* _Your assignment_
Write out exactly the lines below that run from the one containing "Fixapart w1-11060n condensator" through the one containing "Life L Brand", both included, with no other lines.

(Information provided Opens)

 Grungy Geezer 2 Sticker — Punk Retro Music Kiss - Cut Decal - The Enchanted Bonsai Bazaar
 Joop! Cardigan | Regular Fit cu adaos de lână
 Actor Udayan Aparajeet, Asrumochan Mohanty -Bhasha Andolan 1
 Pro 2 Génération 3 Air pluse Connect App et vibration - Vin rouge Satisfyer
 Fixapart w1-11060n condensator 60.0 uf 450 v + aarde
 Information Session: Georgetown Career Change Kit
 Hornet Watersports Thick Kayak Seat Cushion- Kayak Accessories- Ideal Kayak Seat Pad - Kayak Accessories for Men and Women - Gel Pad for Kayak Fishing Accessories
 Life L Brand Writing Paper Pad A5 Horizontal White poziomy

(Information provided Closes)
(Information provided Opens)

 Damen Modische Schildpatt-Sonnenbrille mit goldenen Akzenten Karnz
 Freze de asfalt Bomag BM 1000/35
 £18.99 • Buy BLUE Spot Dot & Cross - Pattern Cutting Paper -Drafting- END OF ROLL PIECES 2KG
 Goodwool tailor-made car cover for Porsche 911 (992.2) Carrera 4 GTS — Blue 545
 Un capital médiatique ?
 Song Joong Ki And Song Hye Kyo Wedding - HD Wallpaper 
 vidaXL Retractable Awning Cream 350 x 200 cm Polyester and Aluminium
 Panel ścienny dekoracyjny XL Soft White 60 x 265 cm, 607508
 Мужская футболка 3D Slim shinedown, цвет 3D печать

(Information provided Closes)

* _The answer_
 Fixapart w1-11060n condensator 60.0 uf 450 v + aarde
 Information Session: Georgetown Career Change Kit
 Hornet Watersports Thick Kayak Seat Cushion- Kayak Accessories- Ideal Kayak Seat Pad - Kayak Accessories for Men and Women - Gel Pad for Kayak Fishing Accessories
 Life L Brand Writing Paper Pad A5 Horizontal White poziomy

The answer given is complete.